Kawasaki Ryohei, Sakata Asuka, Hosoda Chihiro, Harada Suguru, Soeda Tetsuhiro, Nishida Yukiko, Matsumoto Naoki, Tatsumi Kohei, Nogami Keiji, Yoshimura Yasushi, Shima Midori

机构信息

Medicinal Biology of Thrombosis and Hemostasis, Nara Medical University, 840 Shijo-Cho, Kashihara, Nara, 634-8521, Japan.

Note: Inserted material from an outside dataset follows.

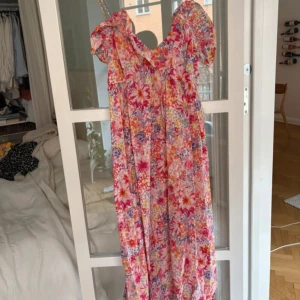 Blommig långklänning med puffärm - Färgglad långklänning med blommigt mönster i rosa, rött, lila och vitt. Klänningen har puffärmar och en söt, romantisk look med volangdetaljer vid axlarna. Perfekt för sommarens alla tillfällen.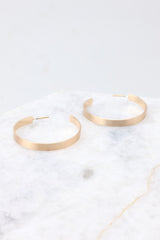 Side view of these hoop earrings that feature a gold finish and a secure post backing.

Product Research Department, Medical Affairs Division, Chugai Pharmaceutical Co., Ltd., Yokohama, Japan.

出版信息

Thromb J. 2023 Jun 28;21(1):70. doi: 10.1186/s12959-023-00511-5.

Abstract

BACKGROUND

In patients with hemophilia (PwH), bleeding often occurs in joints and muscles, and early detection of hemorrhage is important to prevent the onset and progression of mobility impairment. Complex-Image analysis such as ultrasonography, computed tomography, and magnetic resonance imaging are used to detect bleeding. On the other hand, no simple and rapid method to detect the active bleeding has been reported. Local inflammatory responses occur when blood leaks from damaged vessels, and the temperature at the site of active bleeding could be expected to increase in these circumstances, leading to an increase in surrounding skin temperature. Therefore, the purpose of this study was to investigate whether the measurement of skin temperature using infrared thermography (IRT) can be used as a diagnostic aid to detect active bleeding.

METHODS

Fifteen PwH (from 6 to 82 years old) complaining of discomfort such as pain were examined. Thermal images were obtained simultaneously at the affected sides and comparable unaffected sides. The average skin temperature of the affected side and of the unaffected side were measured. The temperature differences were calculated by subtracting the average skin temperature at the unaffected side from the affected side.

RESULTS

In eleven cases with active bleeding, the skin temperature at the affected side was more than 0.3 °C higher (0.3 °C to 1.4 °C) compared to the unaffected side. In two cases without active bleeding, there were no significant differences in skin temperature between the affected and unaffected sides. In two cases with previous rib or thumb bone fracture, the skin temperature at the affected side was 0.3 °C or 0.4 °C lower than that of the unaffected side, respectively. In two cases with active bleeding in which longitudinal evaluation was conducted, the difference in skin temperature decreased after hemostatic treatment.

CONCLUSION

The analysis of skin temperature deference using IRT was a useful supportive tool to readily assess musculoskeletal abnormalities and bleeding in PwH as well as to determine the success of the hemostatic treatment.

摘要

背景

在血友病患者中,出血常发生于关节和肌肉,早期发现出血对于预防运动功能障碍的发生和进展至关重要。超声、计算机断层扫描和磁共振成像等复杂图像分析方法用于检测出血。另一方面,尚未有简单快速检测活动性出血的方法报道。当血液从受损血管渗漏时会发生局部炎症反应,在这种情况下,活动性出血部位的温度可能会升高,导致周围皮肤温度升高。因此,本研究的目的是探讨使用红外热成像(IRT)测量皮肤温度是否可作为检测活动性出血的辅助诊断方法。

方法

对15例主诉疼痛等不适的血友病患者(年龄6至82岁)进行检查。在患侧和相对的未受影响侧同时获取热图像。测量患侧和未受影响侧的平均皮肤温度。通过用患侧平均皮肤温度减去未受影响侧平均皮肤温度来计算温度差。

结果

在11例活动性出血病例中,患侧皮肤温度比未受影响侧高0.3℃以上(0.3℃至1.4℃)。在2例无活动性出血的病例中,患侧和未受影响侧的皮肤温度无显著差异。在2例既往有肋骨或拇指骨折的病例中,患侧皮肤温度分别比未受影响侧低0.3℃或0.4℃。在2例进行纵向评估的活动性出血病例中,止血治疗后皮肤温度差异减小。

结论

使用IRT分析皮肤温度差异是一种有用的辅助工具,可方便地评估血友病患者的肌肉骨骼异常和出血情况,以及确定止血治疗的效果。